Lewisham and Greenwich NHS Trust experienced its "most challenging day in its history" last week, according to Greenwich Council leader Danny Thorpe.

On Monday, November 4, the Queen Elizabeth Hospital was reportedly short by 122 beds, making it the worst in the trust's history, and the hospital also spent several days on Level 4 (Black) internal alert.

Mr Thorpe visited the Woolwich hospital earlier this week along with Cllr Averil Lekau to meet with the chief executive of Lewisham and Greenwich NHS Trust to "discuss recent issues."

In a series of tweets, the council leader said that corridors in the A&E department had been converted to provide additional beds within the hospital.

He also said that a bed management meeting had taken place to try and find a solution, and paid tribute to the staff working across the trust.

A spokesperson for the trust said: “During the winter months, our hospitals face considerable pressure due to increased emergency admissions for respiratory and other conditions brought on by cold weather and viruses.
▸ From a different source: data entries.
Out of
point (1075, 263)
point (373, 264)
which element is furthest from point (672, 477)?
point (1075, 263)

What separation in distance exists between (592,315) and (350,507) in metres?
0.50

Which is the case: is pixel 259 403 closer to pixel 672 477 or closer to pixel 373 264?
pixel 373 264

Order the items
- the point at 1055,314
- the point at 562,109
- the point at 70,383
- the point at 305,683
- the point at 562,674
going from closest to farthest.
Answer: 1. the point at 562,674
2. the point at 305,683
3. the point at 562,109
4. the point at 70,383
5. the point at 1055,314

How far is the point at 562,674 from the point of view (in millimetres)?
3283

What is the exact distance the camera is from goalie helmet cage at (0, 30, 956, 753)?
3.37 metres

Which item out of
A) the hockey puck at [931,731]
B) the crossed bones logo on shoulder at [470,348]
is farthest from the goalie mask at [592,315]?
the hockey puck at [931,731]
We work closely with our partners in primary care and adult social services to manage demand on hospital services."

The spokesperson explained that when the trust declares a Level 4 Black on the Emergency Department Full Capacity Protocol, it means the emergency department is experiencing very high demand and triggers an internal process.

They said: “The Full Capacity Protocol has four levels: black (the highest), red, amber and green. Thanks to the hard work of our staff, both Queen Elizabeth Hospital and University Hospital Lewisham are currently on green (our lowest level of escalation)."

In another tweet, Mr Thorpe commented that a hospital built for 100,000 people cannot deal with 177,000 turning up.

Queen Elizabeth Hospital, located on Woolwich Common, was opened in 2001 to replace Greenwich District Hospital and Brook General Hospital in serving residents in Greenwich and Bexley.

Lewisham and Greenwich NHS Trust stressed the need for people to use the appropriate health services so staff are available to provide timely treatment to those who need it most.

ED is for serious, life-threatening health concerns needing urgent medical attention, whilst less-urgent cases can often be dealt with by a pharmacist, NHS 111 or by booking an appointment with their GP.